Heavy spoilers follow for Witch from Mercury Episode 14 (and 13). Sorta a mix of feelings and predictions.
Not gonna lie, really loving the new season so far, basically because both episodes have been pretty jam-packed. Like, there’s a lot going on with expansion and character development to a lotta people. Standouts include Chuchu, Nika and Lady Prospera.
I did absolutely love how Lauda has this big dramatic speech and genuinely guns it for Suletta, but then gets absolutely stomped. I feel like things are probably gonna end badly for him, if only because Guel’s more interesting. Still, watching Pettra and Chuchu defend him was nice, everyone has someone that cares about them.
There was also a small bit of development for Elan…… five? (I really should’ve rewatched this prior, oh well). Like, he doesn’t step in to ruin Shaddiq’s plans, and he expresses fear when faced with dire odds. Like, I guess Elan Four was about necessity, whereas Elan Five is about cowardice? Its a neat contrast, or perhaps how Elan Four influences Elan Five?
I love how we’re finally getting some insight into Lady Prospera’s actions though. I mean, episode 14 confirms a lotta theories some people have been having, which is rad, but I’m honestly just here to see what the heck she’s up to. So, Quiet Zero, I’m guessing it’s some sort of shutdown weapon? GUND-ARM System suits are shown to be able to totally overpower any non-Gundam suit (“only a Gundam can defeat a Gundam” thanks, Elan Four), so presumably their only threat would be another GUND-ARM system suit, which quiet zero focuses on taking over/shutting down? Though having written that down, it sounds like something too small-scale for what Prospera’s talking about.

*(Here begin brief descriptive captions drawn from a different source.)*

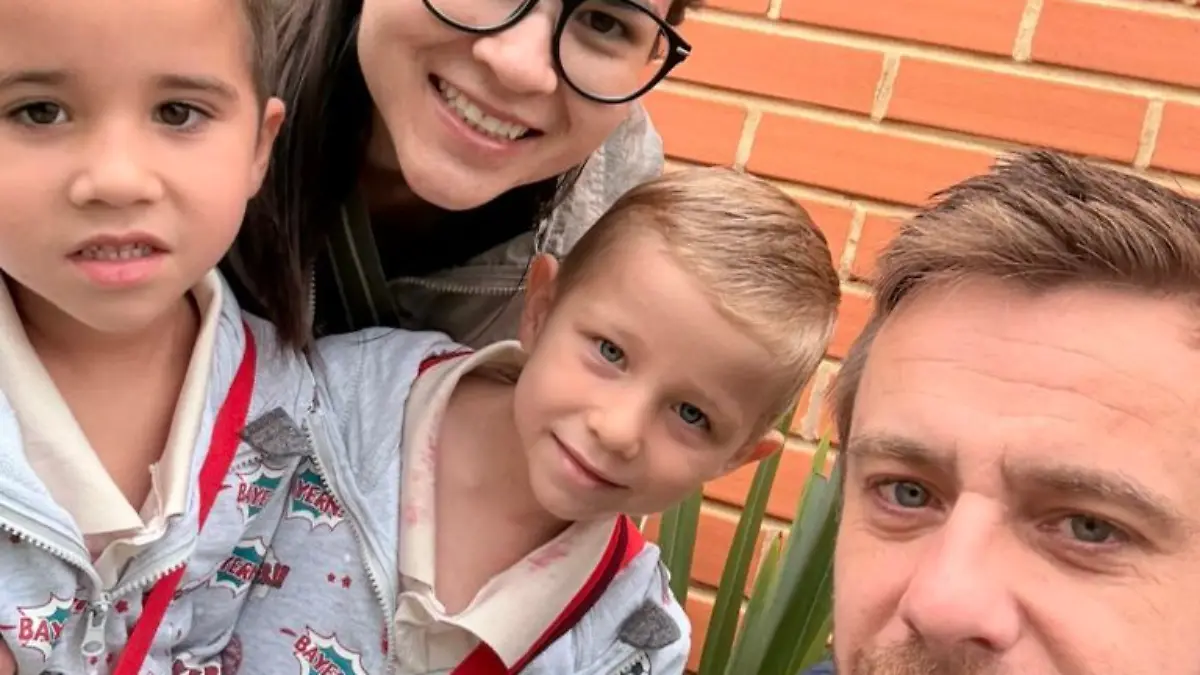 Stefan und Laura Staub und ihre beiden Zwillingssöhne Julian und Sebastian stehen an Ollis Seite. 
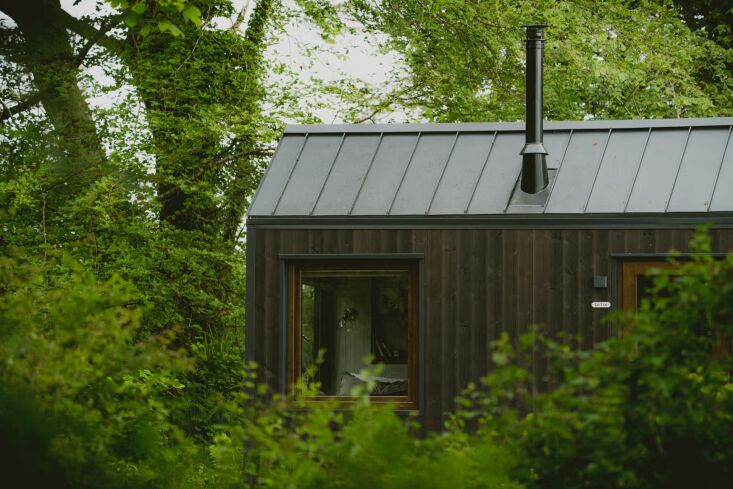 duchas is an\2\2\1;off grid, solar powered cabin for two on the banks o 29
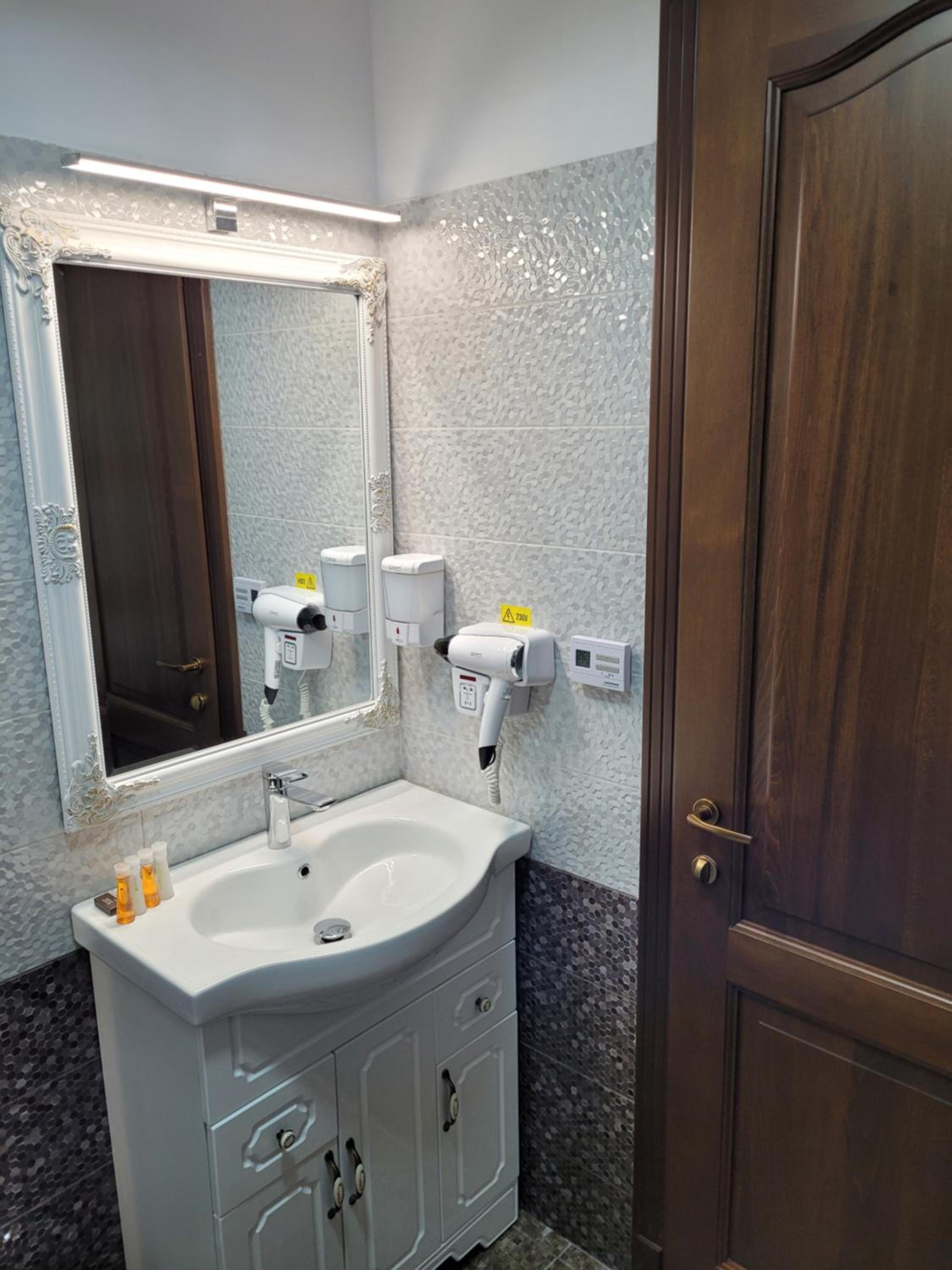 Deluxe Double Room with Balcony - Photo 13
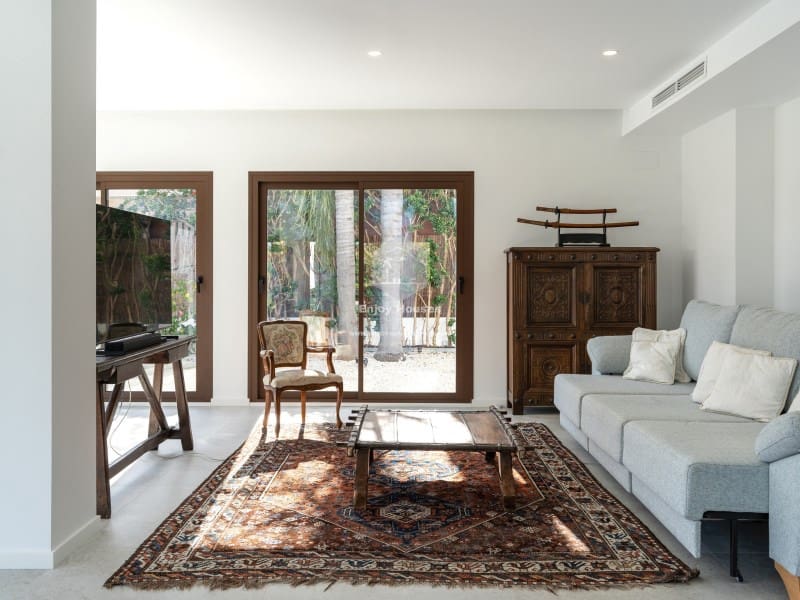 4 sovrum Villa till salu i Denia med pool garage - 1 350 000 € (Ref: 9518078)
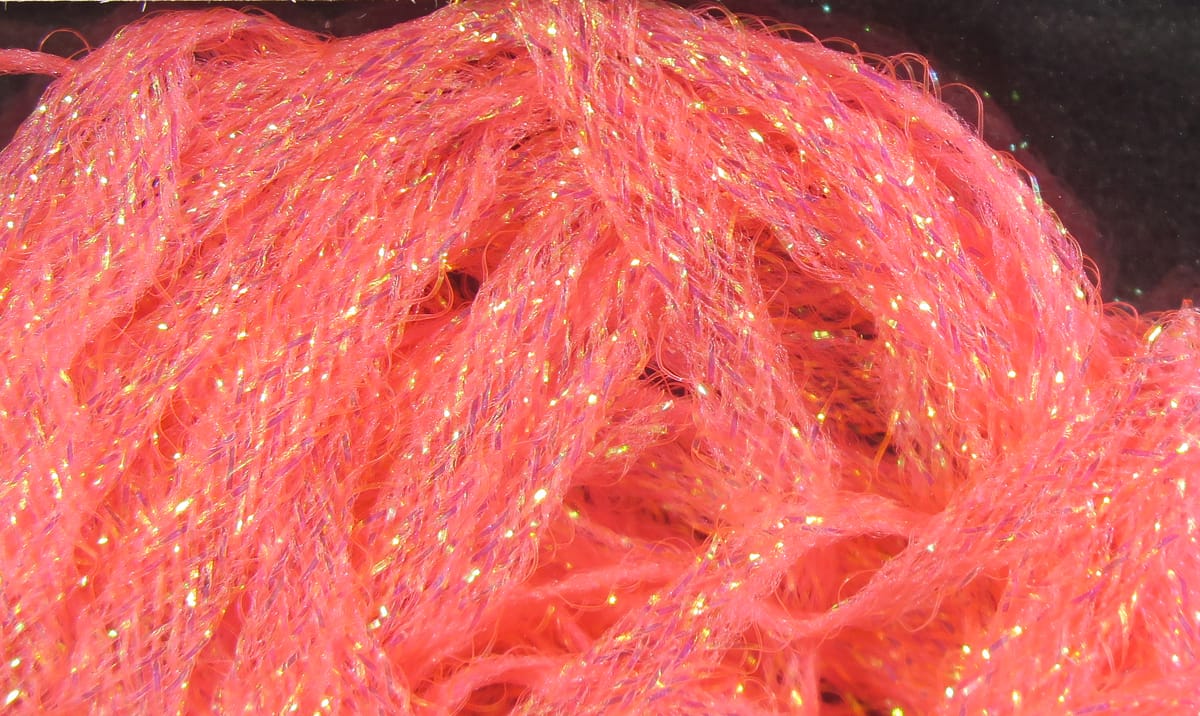 Hareline flat diamond braid neon pink-orange synthetic fibers with gold iridescent tinsel for fly tying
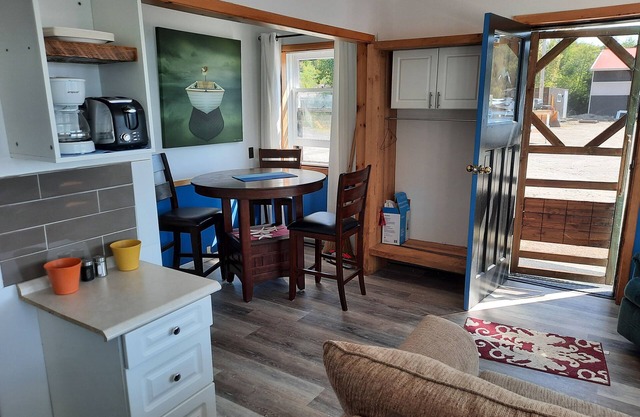 One bedroom, close to everything. trout lake north bay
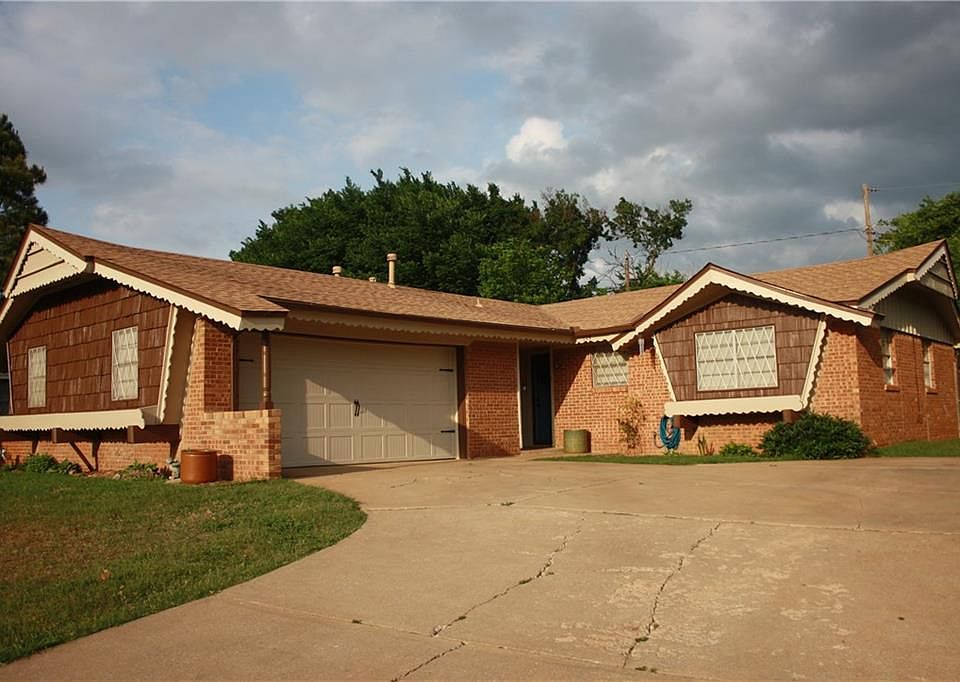1st image of 114 Oakside Dr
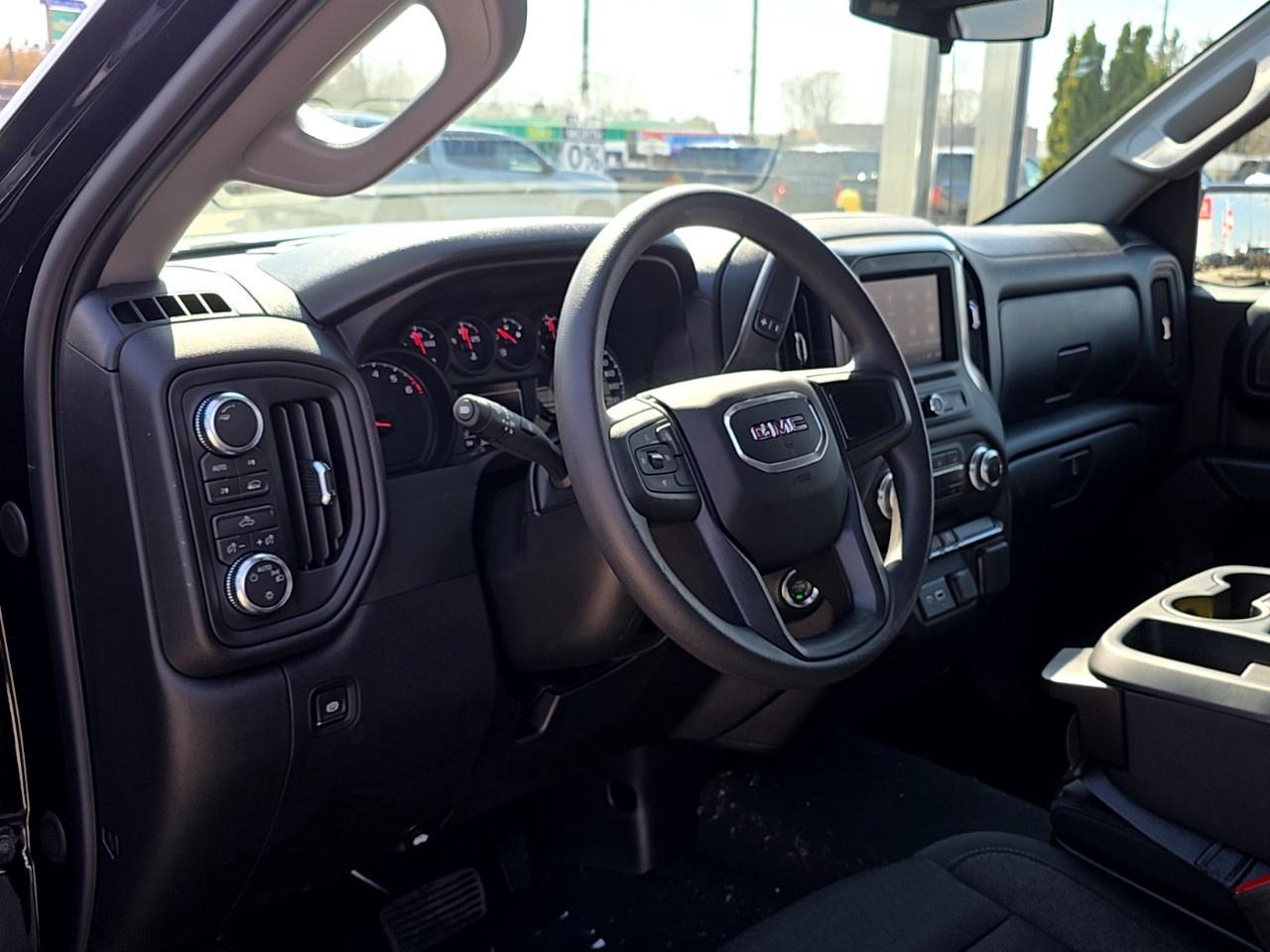 2026 GMC Sierra 1500 Crew Cab Short Box 4-Wheel Drive Pro Photo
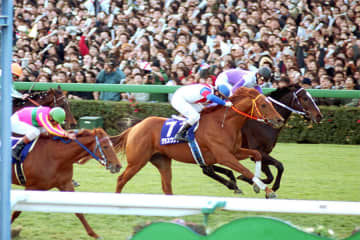 怪物グラスワンダー スペシャルウィークとの壮絶な叩き合いを4センチ差で制す【思い出に残る有馬記念】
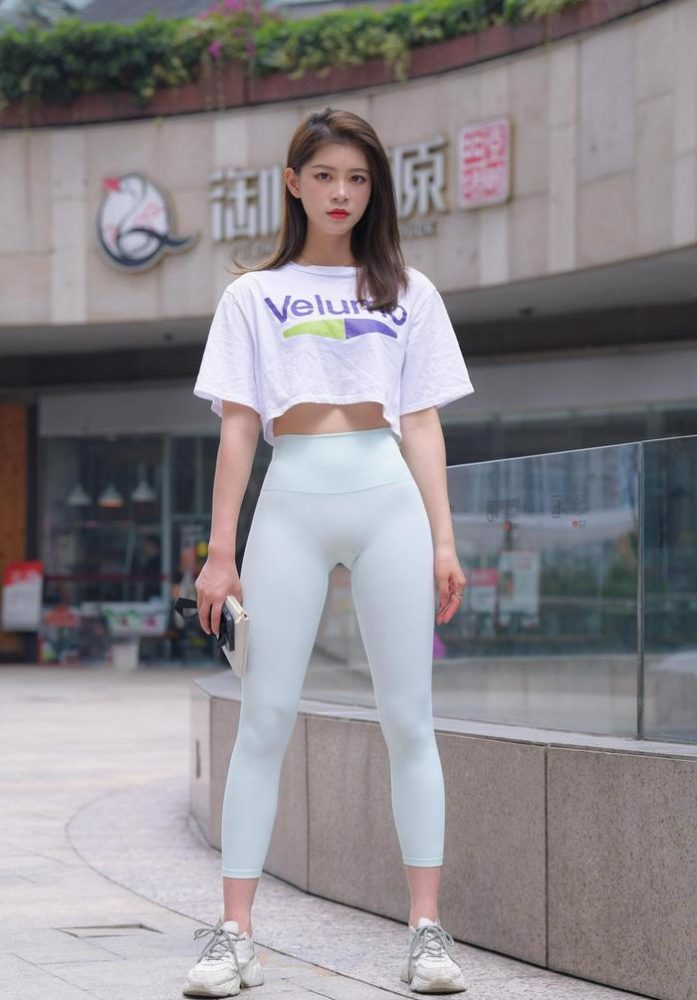 这个瑜伽裤女孩真的很漂亮 J1960 815P1V-28.9GB-街图社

EDIT: I have remembered that the Gundam Schwarzette is a thing. Given that that mobile suit literally has a zero on its face design, it’s possible that it mounts the “Quiet Zero” system in question. It’s also possible that the quiet zero is somehow connected to the ms-style GUND-bits that the Lfrith’s were using.
It’s also entirely plausible that every word she says to Miorine is a lie. I don’t think she’s lying when she talks with Belmeria, that sounds like what she actually believes. But there she’s with an old friend who she holds a lot of power over. Miorine is different, so I’m less inclined to trust anything she says to her. It is interesting that while talking with Miorine, she steps out of the darkness and into the light, so it’s possible that these are her original, noble goals, that have slowly been twisted into things she’d go to terrible lengths over? Things to ponder.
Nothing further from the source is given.